- ANNA THORVALDSDÓTTIR Spectra for violin, viola, and cello
- BRIAN NABORS Zephyr for 2 Flutes and String Quartet
- KRISTINE TJØGERSEN Spiracle for brass quintet
- R. Murray Schafer String Quartet No. 2, "Waves"
- In-person event
- ≈ 90 minutes · With intermission
Wolfgang invites you to take another walk on the wild side with this Session, featuring stellar NACO musicians in an intimate evening of exciting music about the Earth at Club SAW.
- Desiree Abbey, Cello
- Paul Casey, viola
- Karen Donnelly, trumpet
- Steven Dyer, trombone
- Joanna G'froerer, flute
- Chris Lee, tuba
- Jessica Linnebach, violin
- David Marks, viola
- Stephanie Morin, Flute
- Rachel Mercer, cello
- Marc-André Riberdy, cello
- Steven van Gulik, trumpet
- Mintje van Lier, violin
- Lawrence Vine, horn
- Emily Westell, Violin
Anna Thorvaldsdóttir’s Spectra is an ecosystem of musical materials that are carried and passed from performer to performer, with sounds growing in and out of each other and being transformed in the process. Like the symbiotic flow of energy between species and elements in nature, Spectra is mysterious and irresistible.
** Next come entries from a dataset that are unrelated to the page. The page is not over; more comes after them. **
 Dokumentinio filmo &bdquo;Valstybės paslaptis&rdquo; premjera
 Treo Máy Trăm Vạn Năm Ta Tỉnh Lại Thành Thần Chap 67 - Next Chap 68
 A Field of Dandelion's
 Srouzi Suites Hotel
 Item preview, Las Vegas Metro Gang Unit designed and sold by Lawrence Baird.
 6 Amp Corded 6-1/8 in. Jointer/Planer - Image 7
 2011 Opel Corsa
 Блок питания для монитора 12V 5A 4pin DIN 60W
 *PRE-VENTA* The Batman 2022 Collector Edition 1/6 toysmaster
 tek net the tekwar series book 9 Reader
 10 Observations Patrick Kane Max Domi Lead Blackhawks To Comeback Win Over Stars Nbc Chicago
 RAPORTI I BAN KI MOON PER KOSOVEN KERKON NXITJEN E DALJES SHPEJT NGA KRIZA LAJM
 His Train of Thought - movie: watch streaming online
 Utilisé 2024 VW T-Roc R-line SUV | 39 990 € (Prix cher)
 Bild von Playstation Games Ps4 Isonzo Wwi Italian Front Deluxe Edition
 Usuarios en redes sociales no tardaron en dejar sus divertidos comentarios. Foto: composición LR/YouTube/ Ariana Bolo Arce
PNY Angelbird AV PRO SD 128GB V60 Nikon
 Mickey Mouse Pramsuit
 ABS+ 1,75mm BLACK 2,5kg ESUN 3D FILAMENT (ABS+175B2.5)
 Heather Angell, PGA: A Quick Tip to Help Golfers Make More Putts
Composer Brian Raphael Nabors likes to juxtapose the romantic with the barbarous, and his Zephyr for two flutes and string quartet delivers all that and more. The word “zephyr” means “gentle wind,” but don’t be fooled: Zephyr is full of lyricism, yes, but it is also “quite the feisty piece.”
A spiracle is an external breathing hole found on a wide range of insects, spiders, dolphins, and whales. While that might not be an obvious theme for an orchestral piece, Norwegian composer Kristine Tjørgersen likes to “give something to the audience, to bring them to a different place they didn’t think about before, so they can be surprised.” Her Spiracle for brass quintet opens space for all kinds of strange and beautiful musical impulses.
R. Murray Schafer, the late, great Canadian “composer, writer, and acoustic ecologist” (cbc.ca), was a ground breaker who popularized the concept of “soundscape.” His Waves is a mysterious yet grounding work inspired by “sea time”—the six to eleven seconds that almost always elapse between waves, whether they are gentle murmurs of calm, or wild, forceful seas.
***This concert is presented as part of the NAC Orchestra’s SPHERE Festival which will take place on September 22-25, 2022, and launches the Orchestra’s year-long exploration of “listening to the Earth” through the intersections of art, creativity, and science.